Critics of educational neuroscience typically rely on creating a sharp divide between psychology and neuroscience. Bowers (2016[1]) argues that psychology has made and will continue to make important contributions to education, principally because it deals in behavioural outcomes, but that neuroscience cannot make a similar contribution since it only deals with neural activity: “changes in brain states are irrelevant for evaluating the efficacy of an instruction”. However, such an argument represents a very blinkered and inflexible approach to levels of understanding in science. Bowers (2016[1]) argues that psychological constructs, such as “episodic memory”, “semantic memory”, “attention”, “phonological processing”, etc., are valid and useful for improving educational practice. Neuroscience not only attempts to describe the neural circuitry and processes underlying these psychological concepts, but by relating them to neurophysiological phenomena such as LTP, consolidation, reconsolidation, oscillatory coherence, etc., offers the real prospect of radically transforming the psychological concepts themselves. Just as advances in biomedical science have transformed ancient terms such as “humours”, “jaundice” and “consumption” allowing more precise medical diagnoses and treatments, so neuroscientifically transformed psychological concepts may facilitate improvements in teaching and learning outcomes.


This chapter has examined in detail a convergence of ideas and projects between single neurons, animal models and the classroom: fear conditioning and mathematics anxiety; uncertainty-dependent PREE and confusion; reconsolidation and the testing effect; and LTP and spaced learning. The Australian SLRC, by bringing together neuroscientists, psychologists and educationalists in collaborative projects, appears well placed to facilitate and exploit these convergences, which offer the prospect not only of improving classroom teaching through novel procedures and materials, but also of providing behavioural data to guide and inform research at the cellular and molecular level. Indeed, learning principals emerging from the SLRC are now being implemented in classrooms in Australia, and longitudinal evaluation of these trials will provide validation. The claim of several critics that this promise is illusory and that neuroscience can never hope to inform educational practice often appears as a narrow and blinkered exercise in circular reasoning, i.e. neuroscientific data is strictly relevant only to neural activity, and therefore can never be applied to classroom teaching.

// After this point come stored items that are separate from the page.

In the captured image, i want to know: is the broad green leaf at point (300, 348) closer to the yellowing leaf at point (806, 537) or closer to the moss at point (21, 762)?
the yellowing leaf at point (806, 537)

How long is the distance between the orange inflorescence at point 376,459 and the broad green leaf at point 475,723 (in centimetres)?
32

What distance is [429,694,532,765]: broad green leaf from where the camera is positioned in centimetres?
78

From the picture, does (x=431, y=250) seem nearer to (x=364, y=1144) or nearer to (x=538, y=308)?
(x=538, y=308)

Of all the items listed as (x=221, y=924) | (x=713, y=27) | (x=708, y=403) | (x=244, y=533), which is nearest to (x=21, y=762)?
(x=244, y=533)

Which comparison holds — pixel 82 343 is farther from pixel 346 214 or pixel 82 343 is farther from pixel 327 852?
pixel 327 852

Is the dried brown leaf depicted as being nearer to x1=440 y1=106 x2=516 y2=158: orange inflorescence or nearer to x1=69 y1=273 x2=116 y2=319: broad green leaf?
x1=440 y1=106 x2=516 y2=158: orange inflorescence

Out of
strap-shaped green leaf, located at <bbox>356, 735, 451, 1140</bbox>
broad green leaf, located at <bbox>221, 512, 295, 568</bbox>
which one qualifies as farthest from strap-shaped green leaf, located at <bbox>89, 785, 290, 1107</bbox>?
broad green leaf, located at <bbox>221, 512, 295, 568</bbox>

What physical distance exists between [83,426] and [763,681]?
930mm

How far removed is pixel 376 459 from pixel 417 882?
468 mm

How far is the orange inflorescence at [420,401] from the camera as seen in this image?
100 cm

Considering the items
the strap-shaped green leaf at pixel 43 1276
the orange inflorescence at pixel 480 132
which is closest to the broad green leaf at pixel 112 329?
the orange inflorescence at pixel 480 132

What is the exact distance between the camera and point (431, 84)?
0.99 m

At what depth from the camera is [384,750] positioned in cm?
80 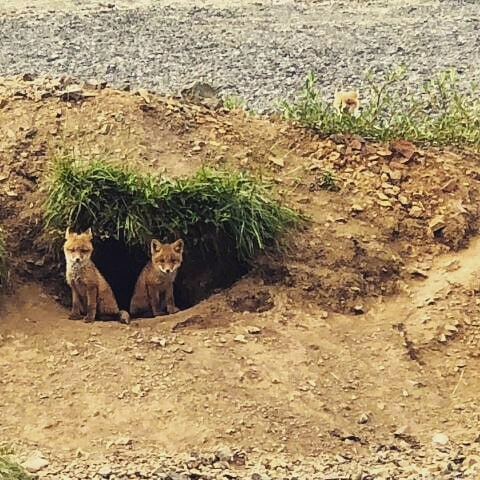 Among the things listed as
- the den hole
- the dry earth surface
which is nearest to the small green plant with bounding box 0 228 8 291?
the dry earth surface

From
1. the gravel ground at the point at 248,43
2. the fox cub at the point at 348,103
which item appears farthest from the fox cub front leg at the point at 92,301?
the gravel ground at the point at 248,43

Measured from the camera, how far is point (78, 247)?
6945 millimetres

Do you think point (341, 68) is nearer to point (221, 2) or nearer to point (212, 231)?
point (221, 2)

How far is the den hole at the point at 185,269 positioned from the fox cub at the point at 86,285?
450mm

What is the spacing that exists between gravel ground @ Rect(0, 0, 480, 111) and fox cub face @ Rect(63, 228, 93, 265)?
238 inches

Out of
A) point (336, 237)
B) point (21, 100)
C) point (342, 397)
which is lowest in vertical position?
point (342, 397)

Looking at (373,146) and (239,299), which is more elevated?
(373,146)

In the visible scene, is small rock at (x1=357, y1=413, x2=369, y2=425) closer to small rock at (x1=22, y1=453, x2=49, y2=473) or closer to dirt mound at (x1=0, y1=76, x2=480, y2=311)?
dirt mound at (x1=0, y1=76, x2=480, y2=311)

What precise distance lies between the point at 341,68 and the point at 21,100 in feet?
25.7

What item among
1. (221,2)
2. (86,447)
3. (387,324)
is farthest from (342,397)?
(221,2)

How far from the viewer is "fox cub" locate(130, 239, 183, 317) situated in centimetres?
716

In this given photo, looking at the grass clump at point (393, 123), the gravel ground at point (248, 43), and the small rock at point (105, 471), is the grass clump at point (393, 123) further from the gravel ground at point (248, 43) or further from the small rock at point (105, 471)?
the small rock at point (105, 471)

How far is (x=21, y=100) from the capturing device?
8.24 meters

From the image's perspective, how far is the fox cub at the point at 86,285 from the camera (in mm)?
6977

An analogy between clinical genetics and educational neuroscience can help to refute the claim that basic neuroscience can never be of relevance for classroom teaching. The discovery of the structure of DNA, or even the determining of the human genome, did not immediately change medical practice. The identification of a particular sequence of DNA base pairs, in isolation, cannot improve the clinical care of a patients. However, determining that a particular DNA sequence codes for a protein that alters the susceptibility for a certain disease can dramatically alter classification, diagnosis, prognosis and treatment (Kelly and Whatson, 2013[36]). Importantly, such advances occur when information about a DNA sequence is directly related to a clinical outcome, i.e. in a cross-disciplinary project. There is every reason to expect, therefore, pace Bruer (Bruer, 1997[2]); Cubelli (Cubelli, 2009[3]) and Bowers (Bowers, 2016[1]), that just as molecular genetics is now revolutionising medical practice, so advances in our understanding of the neural basis of learning and memory will also be able to transform educational practice.